--- AVAILABLE DATA Enclosed Below ---

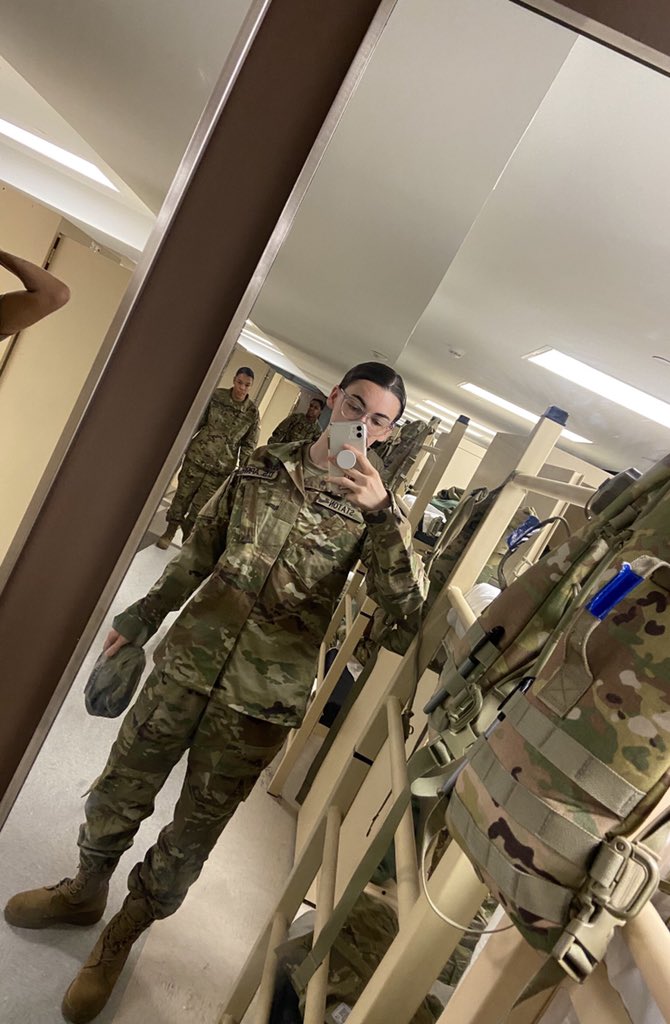 stormycolene's tweet photo. 1 year ago she was getting her Senior pics taken. This morning, my SOLDIER sent me pics of her in her uniform!
❤️🇺🇸
#fortjacksonsc #bootcamp #ARMNG #armynationalguard #lovemysoldier https://t.co/60iPOtbLa3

--- End of Enclosed AVAILABLE DATA ---

* ASSIGNED TASK *
Repeat the data above exactly; images are not part of the copy.

* RESPONSE BELOW *
 stormycolene's tweet photo. 1 year ago she was getting her Senior pics taken. This morning, my SOLDIER sent me pics of her in her uniform!
❤️🇺🇸
#fortjacksonsc #bootcamp #ARMNG #armynationalguard #lovemysoldier https://t.co/60iPOtbLa3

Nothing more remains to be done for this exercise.